A investigadora do centro da Universidade do Porto que liderou a expedição esclareceu, esta segunda-feira, que o projecto intitulado APMAR2 visava “compreender melhor” os impactos dos rios atmosféricos no degelo e precipitação, mas também realizar medições e fazer “uma recolha intensa de observações”.
A expedição realizou-se entre Fevereiro e Março na ilha do Rei George, a maior ilha do Shetland do Sul, perto da Península Antárctica, onde os investigadores estiveram a trabalhar na estação coreana King Sejong e nos glaciares em redor.
Segundo a investigadora Irina Gorodetskaya, a península Antárctica tem aquecido “muito mais” do que o resto do continente, sendo que, a par do aquecimento, tem também sido observada uma desintegração das plataformas de gelo, especialmente na plataforma de gelo Larsen.
“O aquecimento e o degelo não têm sido contínuos, mas sim, marcados por uma maior frequência e amplitude de fenómenos extremos, como ondas de calor e grandes fenómenos de degelo.

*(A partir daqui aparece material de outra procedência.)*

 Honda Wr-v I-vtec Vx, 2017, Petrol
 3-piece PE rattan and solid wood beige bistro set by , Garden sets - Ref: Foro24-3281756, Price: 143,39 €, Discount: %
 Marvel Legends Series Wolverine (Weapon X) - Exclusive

Era isso que queríamos investigar, processos durante eventos climáticos extremos de curta duração, especialmente os associados a rios atmosféricos”, esclareceu.
Os rios atmosféricos são “rios no céu invisíveis”, isto é, longos corredores de transporte de vapor de água que se concentram maioritariamente nos primeiros três quilómetros acima da superfície.

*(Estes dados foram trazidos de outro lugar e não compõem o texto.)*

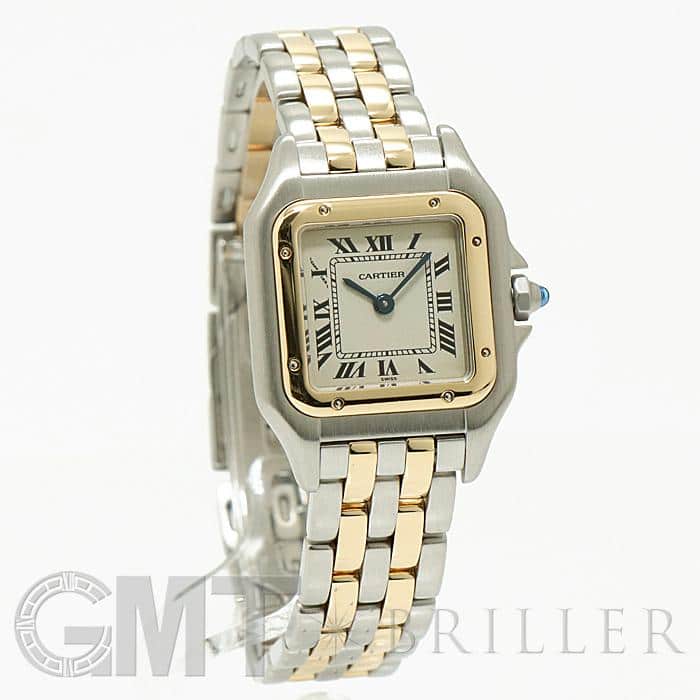 中古)CARTIER カルティエ パンテール SM 2ロウ W25029B6（商品ID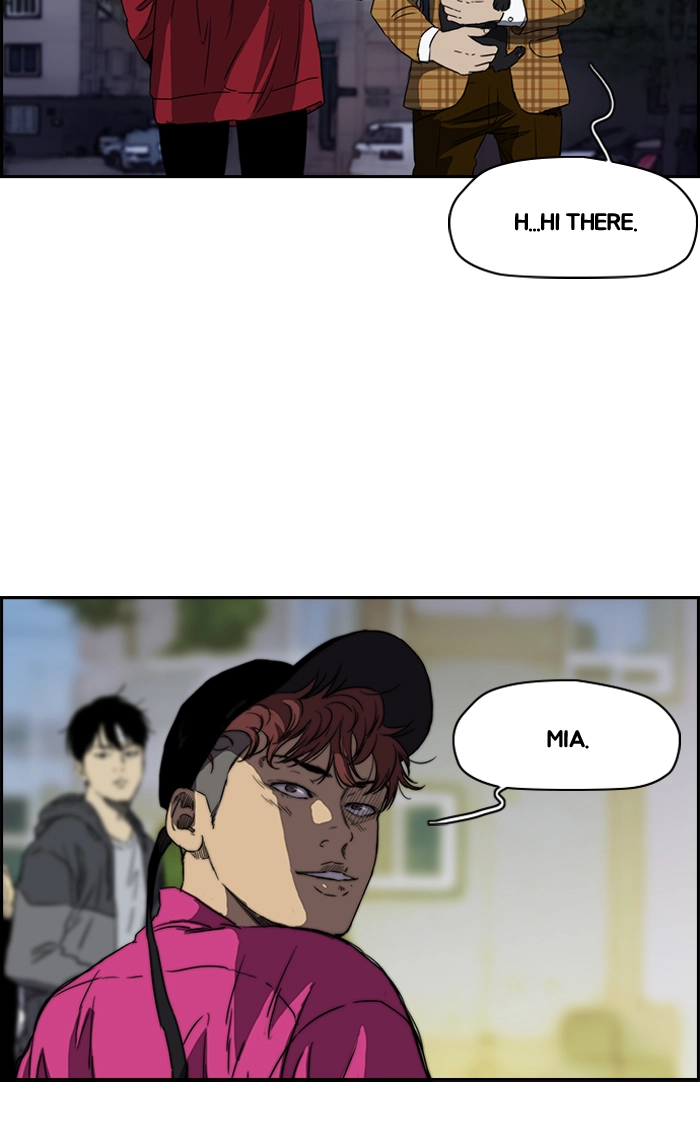 Wind Breaker Chapter 169 page 37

Estes rios têm origem nas regiões subtropicais e acarretam humidade e calor para as latitudes médias, chegando, alguns deles, a latitudes polares.

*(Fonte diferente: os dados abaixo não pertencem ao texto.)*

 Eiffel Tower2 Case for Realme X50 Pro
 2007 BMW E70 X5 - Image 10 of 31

“Quando atingem a Antárctica podem provocar grandes fenómenos de degelo à superfície, bem como um aumento da precipitação”, referiu a investigadora.
Segundo Irina Gorodetskaya, o impacto destes rios no degelo e na precipitação à superfície ajudará a “prever a futura perda de massa do manto de gelo antárctico”, fenómeno que tem como principal consequência a subida do nível do mar.
“Os rios atmosféricos podem ter impactos contrastantes no balanço de massa à superfície da Antárctida”, salientou a investigadora, esclarecendo que, tanto podem “trazer uma queda de neve muito intensa”, como “condições muito quentes que provocaram uma grande fusão à superfície”.
Na ilha do Rei George, a equipa de investigadores lançou radiossondas para medir a “estrutura termodinâmica da troposfera e da estratosfera inferior”, bem como radiossondas com sensores especiais de nuvens para recolher informação sobre o conteúdo de água liquida sobrearrefecida nas nuvens.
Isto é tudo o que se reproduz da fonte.